Exercise input

──────────

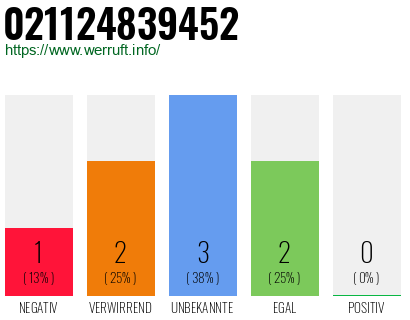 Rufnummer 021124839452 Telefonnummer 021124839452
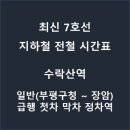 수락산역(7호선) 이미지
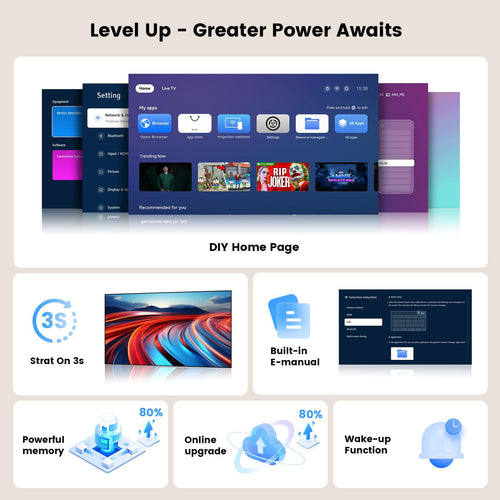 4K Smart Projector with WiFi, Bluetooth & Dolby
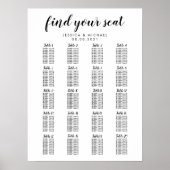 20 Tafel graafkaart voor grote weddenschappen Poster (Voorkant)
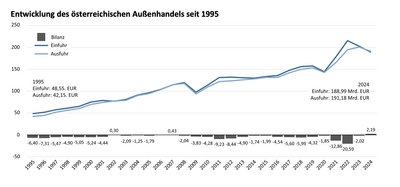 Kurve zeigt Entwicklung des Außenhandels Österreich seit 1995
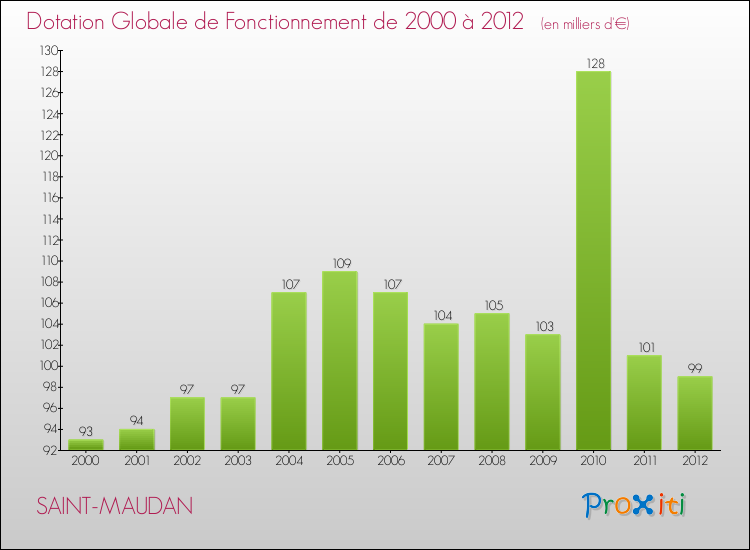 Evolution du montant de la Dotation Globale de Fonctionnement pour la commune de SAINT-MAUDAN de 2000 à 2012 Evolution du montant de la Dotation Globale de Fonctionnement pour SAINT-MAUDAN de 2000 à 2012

──────────

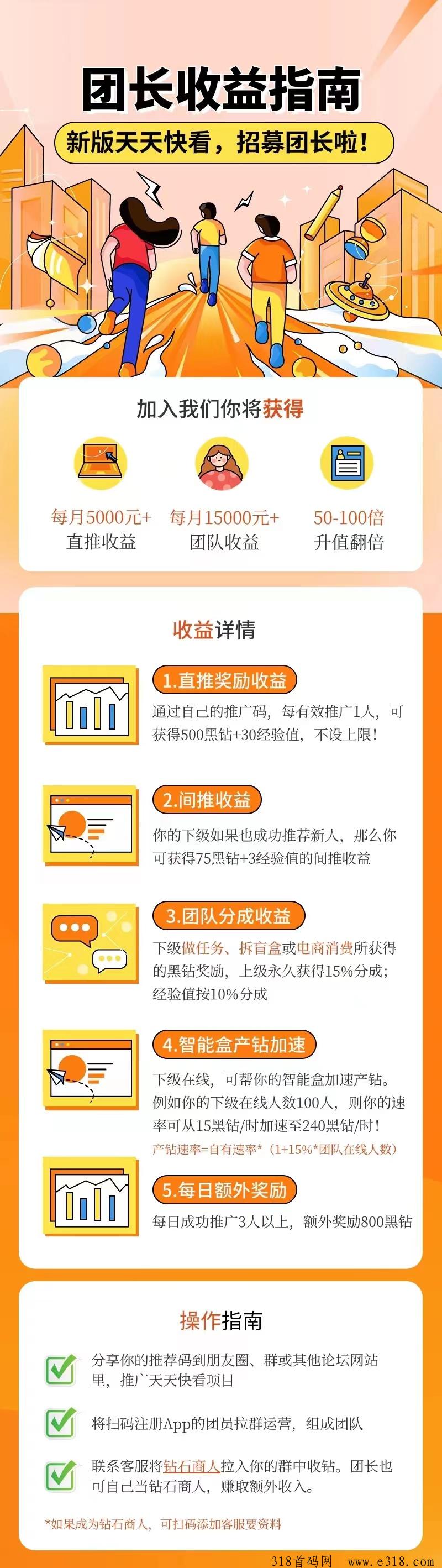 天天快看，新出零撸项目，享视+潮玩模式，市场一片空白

──────────

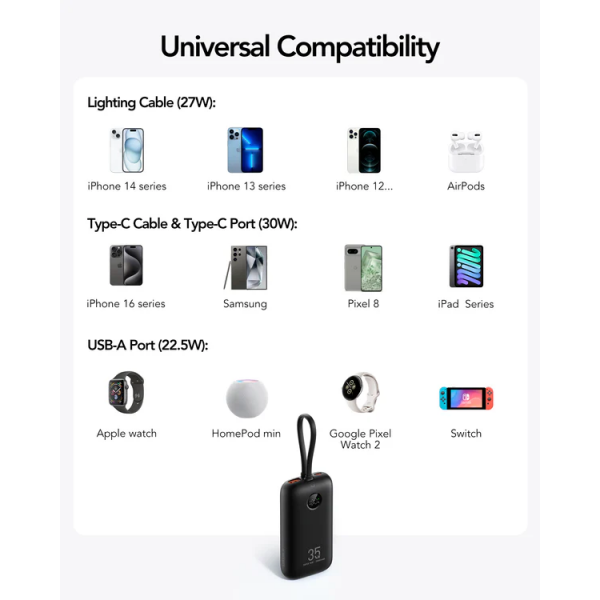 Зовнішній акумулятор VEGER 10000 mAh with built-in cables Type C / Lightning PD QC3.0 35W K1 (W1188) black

──────────

Prompt
Using the records above, print exactly the lines between the ones containing "Rufnummer 021124839452 Telefonnummer" and "pour SAINT-MAUDAN de 2000 à 2012", inclusive, and nothing else; no pictures.

Response to the task
 Rufnummer 021124839452 Telefonnummer 021124839452
 수락산역(7호선) 이미지
 4K Smart Projector with WiFi, Bluetooth & Dolby
 20 Tafel graafkaart voor grote weddenschappen Poster (Voorkant)
 Kurve zeigt Entwicklung des Außenhandels Österreich seit 1995
 Evolution du montant de la Dotation Globale de Fonctionnement pour la commune de SAINT-MAUDAN de 2000 à 2012 Evolution du montant de la Dotation Globale de Fonctionnement pour SAINT-MAUDAN de 2000 à 2012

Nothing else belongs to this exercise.